Jeremy Andrews from Tag1 Consulting did some testing. (I'll include the results below).

We ended up increasing our available memory to 154M but this wasn't entirely because of XML Sitemap. It appears that we ran into memory problems only when XML Sitemap and Notifications tried to perform tasks during the cron run.

******************

I've run cron quite a few times -- the amount that each module needs can fluctuate quite a bit, so it wouldn't be surprising for one module to need more than normal and cause xmlsitemap to fail. But the next time cron runs I would expect it to succeed.

One useful piece of information gleaned from this is how much RAM is being consumed when xmlsitemap runs and rebuilds everything: ~108M.

Here's another run where it ran out of memory because notifications fired off at the same time:

16:41:55: before (5,673.695 K) calling notifications_cron
16:42:12: after (28,676.695 K)
...
16:42:54: before (43,745.867 K) calling xmlsitemap_cron
Out of memory.

I ran it again without any notifications firing, and it completed fine. This also shows that the xmlsitemap_engine module is not the issue:

16:45:04: before (18,595.578 K) calling xmlsitemap_cron
16:45:20: after (129,496.797 K)
16:45:20: before (129,497.141 K) calling xmlsitemap_engines_cron
16:45:22: after (129,517.250 K)
16:45:22: before (129,517.250 K) calling xmlsitemap_node_cron
16:45:22: after (129,407.430 K)

Something else of interest. The module breaks things into "chunks". I had assumed that each chunk would take roughly the same amount of RAM, but that's not the case:

16:48:02: before (17,776.477 K) calling xmlsitemap_cron
0 of 91, using 17,947.516 K
1 of 91, using 17,948.141 K
2 of 91, using 128,705.234 K
3 of 91, using 128,705.430 K
4 of 91, using 128,705.859 K
...
89 of 91, using 128,722.492 K
90 of 91, using 128,722.688 K
16:48:09: after (128,725.813 K)

These numbers show the memory usage before calling xmlsitemap_generate(), so it was the second chunk "#1" that used all the memory.

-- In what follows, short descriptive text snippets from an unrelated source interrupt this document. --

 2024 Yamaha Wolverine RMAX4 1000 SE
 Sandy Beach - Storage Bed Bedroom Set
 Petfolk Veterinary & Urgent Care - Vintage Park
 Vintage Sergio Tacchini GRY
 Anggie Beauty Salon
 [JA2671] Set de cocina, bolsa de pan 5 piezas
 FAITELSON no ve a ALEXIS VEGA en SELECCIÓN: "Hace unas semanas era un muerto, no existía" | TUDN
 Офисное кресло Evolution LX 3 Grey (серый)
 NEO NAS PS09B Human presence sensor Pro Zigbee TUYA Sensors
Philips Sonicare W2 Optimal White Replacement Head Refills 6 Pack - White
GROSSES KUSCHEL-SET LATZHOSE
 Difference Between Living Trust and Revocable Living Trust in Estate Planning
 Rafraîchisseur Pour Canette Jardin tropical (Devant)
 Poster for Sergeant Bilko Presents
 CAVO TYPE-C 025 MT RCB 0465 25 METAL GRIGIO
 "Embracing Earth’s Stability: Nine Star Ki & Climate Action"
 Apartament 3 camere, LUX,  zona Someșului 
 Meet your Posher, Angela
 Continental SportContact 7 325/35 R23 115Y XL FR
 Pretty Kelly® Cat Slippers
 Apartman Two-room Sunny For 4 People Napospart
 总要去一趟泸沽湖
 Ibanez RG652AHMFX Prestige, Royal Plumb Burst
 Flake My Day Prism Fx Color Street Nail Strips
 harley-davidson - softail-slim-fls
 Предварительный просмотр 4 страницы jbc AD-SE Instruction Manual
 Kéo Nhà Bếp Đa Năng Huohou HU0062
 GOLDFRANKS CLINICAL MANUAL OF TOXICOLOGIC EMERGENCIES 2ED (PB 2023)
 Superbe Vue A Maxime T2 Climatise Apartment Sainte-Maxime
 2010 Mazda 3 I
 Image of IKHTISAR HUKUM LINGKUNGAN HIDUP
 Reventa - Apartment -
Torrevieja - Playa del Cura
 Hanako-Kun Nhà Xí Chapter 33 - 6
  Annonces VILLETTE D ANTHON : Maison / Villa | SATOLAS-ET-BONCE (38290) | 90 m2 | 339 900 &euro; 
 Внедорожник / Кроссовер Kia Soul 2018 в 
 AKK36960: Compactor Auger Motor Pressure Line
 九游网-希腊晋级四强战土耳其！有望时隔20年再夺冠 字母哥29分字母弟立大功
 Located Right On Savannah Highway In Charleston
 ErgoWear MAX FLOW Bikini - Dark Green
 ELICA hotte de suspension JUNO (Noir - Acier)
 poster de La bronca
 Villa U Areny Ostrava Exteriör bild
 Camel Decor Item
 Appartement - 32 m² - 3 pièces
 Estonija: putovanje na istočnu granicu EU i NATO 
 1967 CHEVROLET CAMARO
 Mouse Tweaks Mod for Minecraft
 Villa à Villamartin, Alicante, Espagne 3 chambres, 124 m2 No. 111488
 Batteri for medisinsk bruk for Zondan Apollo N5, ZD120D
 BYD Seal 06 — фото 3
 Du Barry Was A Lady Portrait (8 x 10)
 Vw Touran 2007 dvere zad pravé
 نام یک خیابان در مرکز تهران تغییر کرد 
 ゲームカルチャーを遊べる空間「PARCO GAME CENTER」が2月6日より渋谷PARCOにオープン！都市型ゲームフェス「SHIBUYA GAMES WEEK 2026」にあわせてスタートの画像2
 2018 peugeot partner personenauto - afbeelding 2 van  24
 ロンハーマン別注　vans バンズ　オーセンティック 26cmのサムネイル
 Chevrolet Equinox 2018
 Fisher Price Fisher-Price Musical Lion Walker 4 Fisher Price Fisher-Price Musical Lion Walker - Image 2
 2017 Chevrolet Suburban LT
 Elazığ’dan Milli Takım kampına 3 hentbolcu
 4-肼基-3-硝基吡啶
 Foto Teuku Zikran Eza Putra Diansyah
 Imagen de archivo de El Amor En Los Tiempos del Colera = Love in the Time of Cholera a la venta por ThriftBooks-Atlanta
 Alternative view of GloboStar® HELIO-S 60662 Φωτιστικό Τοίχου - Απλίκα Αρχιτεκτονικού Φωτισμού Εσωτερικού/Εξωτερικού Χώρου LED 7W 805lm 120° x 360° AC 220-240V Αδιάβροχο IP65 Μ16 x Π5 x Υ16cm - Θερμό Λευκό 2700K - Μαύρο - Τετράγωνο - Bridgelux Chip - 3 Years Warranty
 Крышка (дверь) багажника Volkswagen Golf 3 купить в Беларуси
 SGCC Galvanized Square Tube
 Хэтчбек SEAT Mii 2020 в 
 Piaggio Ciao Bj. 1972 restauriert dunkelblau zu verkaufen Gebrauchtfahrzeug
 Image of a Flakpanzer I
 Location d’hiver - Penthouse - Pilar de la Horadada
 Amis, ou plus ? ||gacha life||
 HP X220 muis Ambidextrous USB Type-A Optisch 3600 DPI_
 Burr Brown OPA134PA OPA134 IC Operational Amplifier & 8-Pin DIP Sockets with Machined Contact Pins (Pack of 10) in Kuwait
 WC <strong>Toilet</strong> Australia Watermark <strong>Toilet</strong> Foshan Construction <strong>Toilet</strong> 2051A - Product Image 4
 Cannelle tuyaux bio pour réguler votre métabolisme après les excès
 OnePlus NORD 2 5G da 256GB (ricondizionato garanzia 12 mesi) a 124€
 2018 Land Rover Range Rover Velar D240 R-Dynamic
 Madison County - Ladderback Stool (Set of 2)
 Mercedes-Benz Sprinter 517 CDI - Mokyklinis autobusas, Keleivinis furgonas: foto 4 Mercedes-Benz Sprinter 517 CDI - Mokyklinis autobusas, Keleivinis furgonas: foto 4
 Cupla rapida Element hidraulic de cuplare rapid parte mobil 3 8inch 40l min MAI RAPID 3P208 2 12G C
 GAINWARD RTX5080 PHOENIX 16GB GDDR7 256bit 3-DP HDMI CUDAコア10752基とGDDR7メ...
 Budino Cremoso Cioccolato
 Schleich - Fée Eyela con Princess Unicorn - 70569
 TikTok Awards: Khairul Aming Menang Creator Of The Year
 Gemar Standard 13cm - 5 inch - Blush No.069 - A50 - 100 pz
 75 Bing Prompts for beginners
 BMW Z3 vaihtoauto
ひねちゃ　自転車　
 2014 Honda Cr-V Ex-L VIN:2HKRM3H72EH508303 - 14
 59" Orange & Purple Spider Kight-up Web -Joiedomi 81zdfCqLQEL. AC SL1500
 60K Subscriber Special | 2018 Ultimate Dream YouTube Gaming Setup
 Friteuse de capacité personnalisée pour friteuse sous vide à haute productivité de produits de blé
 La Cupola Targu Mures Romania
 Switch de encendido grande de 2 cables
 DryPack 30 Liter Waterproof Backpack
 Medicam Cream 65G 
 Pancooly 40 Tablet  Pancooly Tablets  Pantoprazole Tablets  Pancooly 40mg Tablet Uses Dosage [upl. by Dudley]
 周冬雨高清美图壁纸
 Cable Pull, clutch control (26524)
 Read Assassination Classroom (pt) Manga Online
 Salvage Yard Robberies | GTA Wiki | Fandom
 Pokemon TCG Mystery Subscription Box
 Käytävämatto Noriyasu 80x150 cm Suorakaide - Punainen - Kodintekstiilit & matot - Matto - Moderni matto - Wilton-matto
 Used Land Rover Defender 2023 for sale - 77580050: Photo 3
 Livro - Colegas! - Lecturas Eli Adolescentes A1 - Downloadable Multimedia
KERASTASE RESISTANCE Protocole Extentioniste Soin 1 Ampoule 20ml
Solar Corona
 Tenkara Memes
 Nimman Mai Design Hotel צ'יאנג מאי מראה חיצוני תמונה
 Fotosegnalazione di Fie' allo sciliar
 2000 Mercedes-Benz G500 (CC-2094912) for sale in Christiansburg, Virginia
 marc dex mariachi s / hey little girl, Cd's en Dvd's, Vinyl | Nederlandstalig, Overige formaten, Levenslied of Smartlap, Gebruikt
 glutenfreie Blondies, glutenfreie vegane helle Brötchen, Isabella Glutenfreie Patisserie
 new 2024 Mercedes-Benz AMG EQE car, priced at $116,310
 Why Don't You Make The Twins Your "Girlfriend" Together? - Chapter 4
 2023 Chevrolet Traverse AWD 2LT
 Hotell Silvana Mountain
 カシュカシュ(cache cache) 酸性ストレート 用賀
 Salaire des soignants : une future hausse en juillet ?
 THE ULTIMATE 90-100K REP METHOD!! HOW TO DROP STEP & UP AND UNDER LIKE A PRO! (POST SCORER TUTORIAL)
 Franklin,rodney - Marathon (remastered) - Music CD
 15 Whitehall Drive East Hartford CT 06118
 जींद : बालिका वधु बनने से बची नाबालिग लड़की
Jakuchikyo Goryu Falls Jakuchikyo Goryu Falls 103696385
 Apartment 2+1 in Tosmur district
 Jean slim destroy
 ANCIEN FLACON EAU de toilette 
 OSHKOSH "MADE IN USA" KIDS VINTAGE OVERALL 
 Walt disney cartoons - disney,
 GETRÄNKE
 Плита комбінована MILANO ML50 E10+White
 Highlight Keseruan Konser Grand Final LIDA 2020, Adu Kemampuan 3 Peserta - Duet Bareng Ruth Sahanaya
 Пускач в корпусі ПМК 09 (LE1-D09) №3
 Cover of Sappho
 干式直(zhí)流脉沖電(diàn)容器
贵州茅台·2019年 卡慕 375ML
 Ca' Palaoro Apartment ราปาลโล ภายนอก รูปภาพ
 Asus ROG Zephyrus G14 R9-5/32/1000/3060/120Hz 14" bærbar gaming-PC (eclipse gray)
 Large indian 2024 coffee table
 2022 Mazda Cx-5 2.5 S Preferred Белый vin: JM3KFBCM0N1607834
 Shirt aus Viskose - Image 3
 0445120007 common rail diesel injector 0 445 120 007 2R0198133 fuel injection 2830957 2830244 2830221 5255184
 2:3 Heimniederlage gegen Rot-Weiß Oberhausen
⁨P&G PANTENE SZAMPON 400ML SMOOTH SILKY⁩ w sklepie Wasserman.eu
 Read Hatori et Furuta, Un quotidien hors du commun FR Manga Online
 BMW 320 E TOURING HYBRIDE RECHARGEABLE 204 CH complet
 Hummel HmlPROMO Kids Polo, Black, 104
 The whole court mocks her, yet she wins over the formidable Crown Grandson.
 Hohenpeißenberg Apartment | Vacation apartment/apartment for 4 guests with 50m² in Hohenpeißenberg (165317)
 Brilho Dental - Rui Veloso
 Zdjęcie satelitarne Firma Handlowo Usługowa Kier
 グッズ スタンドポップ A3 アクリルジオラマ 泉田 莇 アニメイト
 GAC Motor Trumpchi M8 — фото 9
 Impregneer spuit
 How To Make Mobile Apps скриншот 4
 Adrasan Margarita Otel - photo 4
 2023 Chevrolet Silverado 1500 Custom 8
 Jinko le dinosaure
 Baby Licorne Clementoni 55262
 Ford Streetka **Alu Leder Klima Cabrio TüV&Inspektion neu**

Based on this information, we'll need to set php.ini to just above 150M for it to always run successfully.

dave reid’s picture

I had been working on a kind of PHP memory limit calculator based on the number of url aliases and the chunk size. Using over-estimates, for the numers you provided in #2 my figures said about 170MB would be needed, so 150MB for the "real" necessary memory limit seems about right. I was thinking about adding a hook_requirements check to warn people how much memory will be needed when cron is run. Does that seem reasonable or would you have any other ideas Kevin? I'm sure I can figure out how to reduce the memory limit a little, but it's such an expensive operation to run.

dave reid’s picture

It also makes sense that the first chunk to be generated is the index file, so that won't take a lot of memory. After the first actual page has been generated, we have fetched all the alises from {url_alias} and so that's why the memory usage has jumped up substantially.

dave reid’s picture

Status: Active » Fixed

I just committed the optimial memory limit calculator and changer (if set_time_limit() works) as a part of http://drupal.org/cvs?commit=230920. The module will also add some memory limit debugging info for the xmlsitemap regeneration. I'm going to mark this as fixed.

Status: Fixed » Closed (fixed)

Automatically closed -- issue fixed for 2 weeks with no activity.